See below for implementation

In [3]:
void AddModel(RooWorkspace *);
void AddData(RooWorkspace *);
void DoSPlot(RooWorkspace *);
void MakePlots(RooWorkspace *);

In [4]:
%%cpp -d
void AddModel(RooWorkspace *ws)
{

   // Make models for signal (Higgs) and background (Z+jets and QCD)
   // In real life, this part requires an intelligent modeling
   // of signal and background -- this is only an example.

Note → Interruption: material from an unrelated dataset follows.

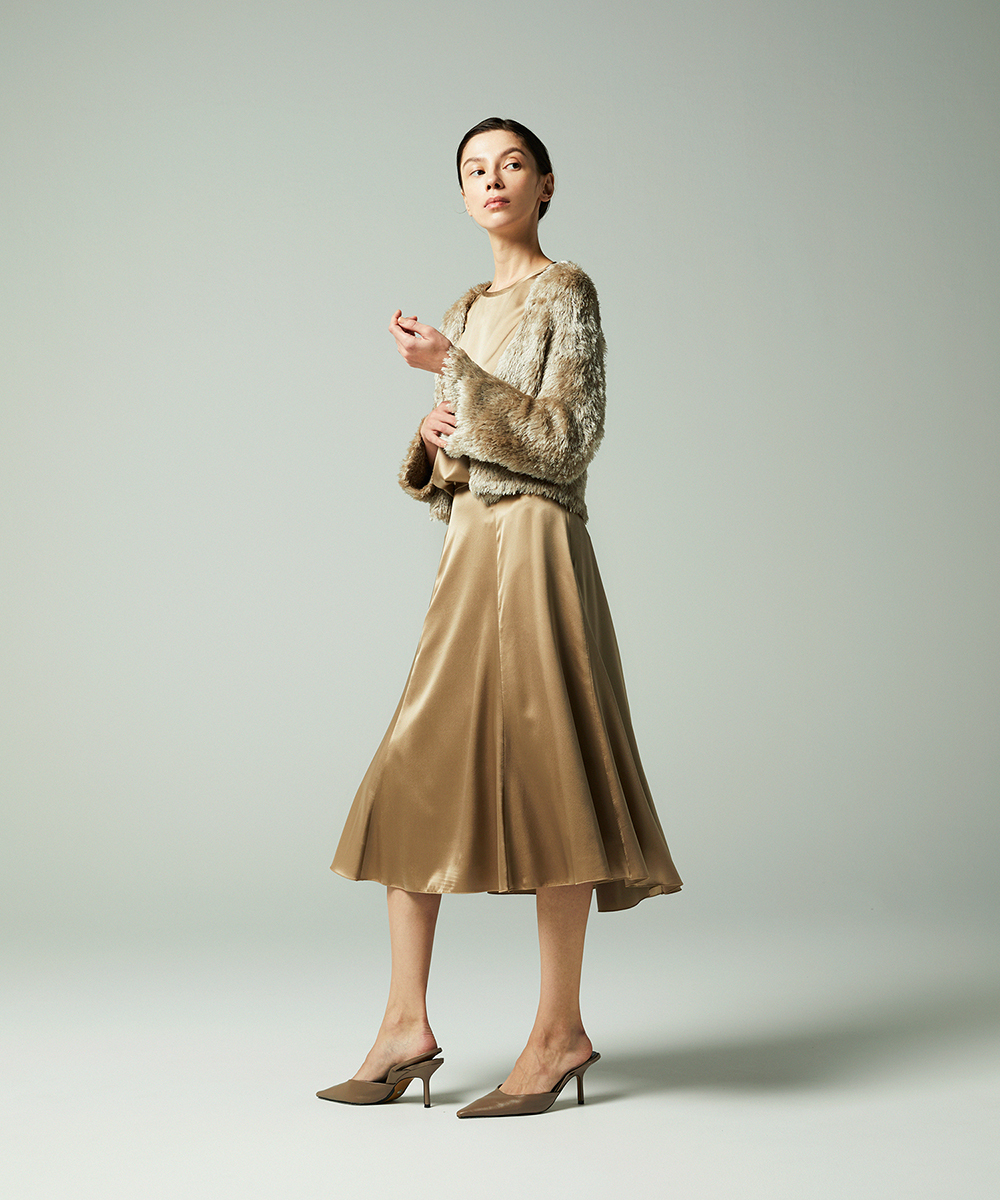 EAUVIRE ウォッシャブルシルクノースリーブブラウス セージ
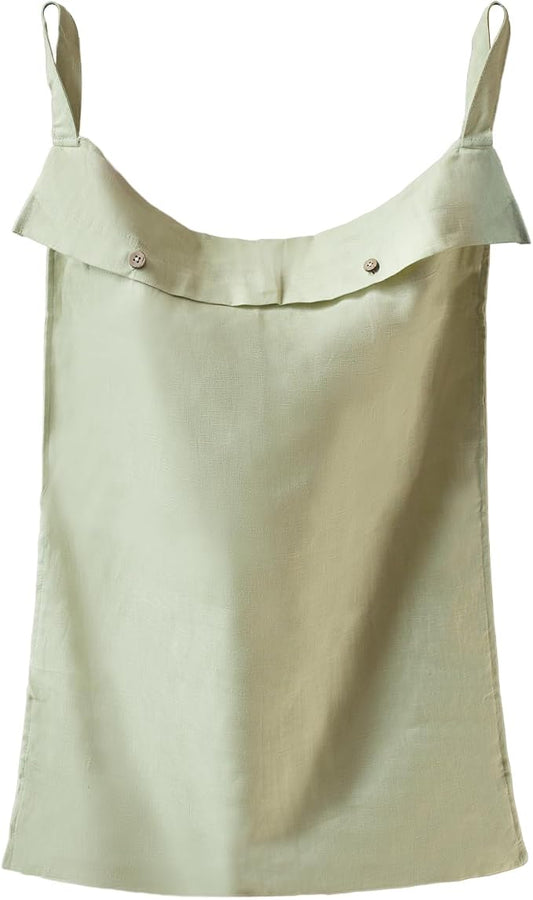 100% Linen Hanging Laundry Hamper Bag 20x27Inch, Over the Door with 2 Buttons and Bottom Zipper Saving Space Wall Back organizers For Dirty Clothes Dorm Travel College Camp Sock Large Capacity,Green by INYOWAKI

   // set range of observable
   Double_t lowRange = 0., highRange = 200.;

   // make a RooRealVar for the observables
   RooRealVar invMass("invMass", "M_{inv}", lowRange, highRange, "GeV");
   RooRealVar isolation("isolation", "isolation", 0., 20., "GeV");

   // --------------------------------------
   // make 2-d model for Z including the invariant mass
   // distribution  and an isolation distribution which we want to
   // unfold from QCD.
   std::cout << "make z model" << std::endl;
   // mass model for Z
   RooRealVar mZ("mZ", "Z Mass", 91.2, lowRange, highRange);
   RooRealVar sigmaZ("sigmaZ", "Width of Gaussian", 2, 0, 10, "GeV");
   RooGaussian mZModel("mZModel", "Z+jets Model", invMass, mZ, sigmaZ);
   // we know Z mass
   mZ.setConstant();
   // we leave the width of the Z free during the fit in this example.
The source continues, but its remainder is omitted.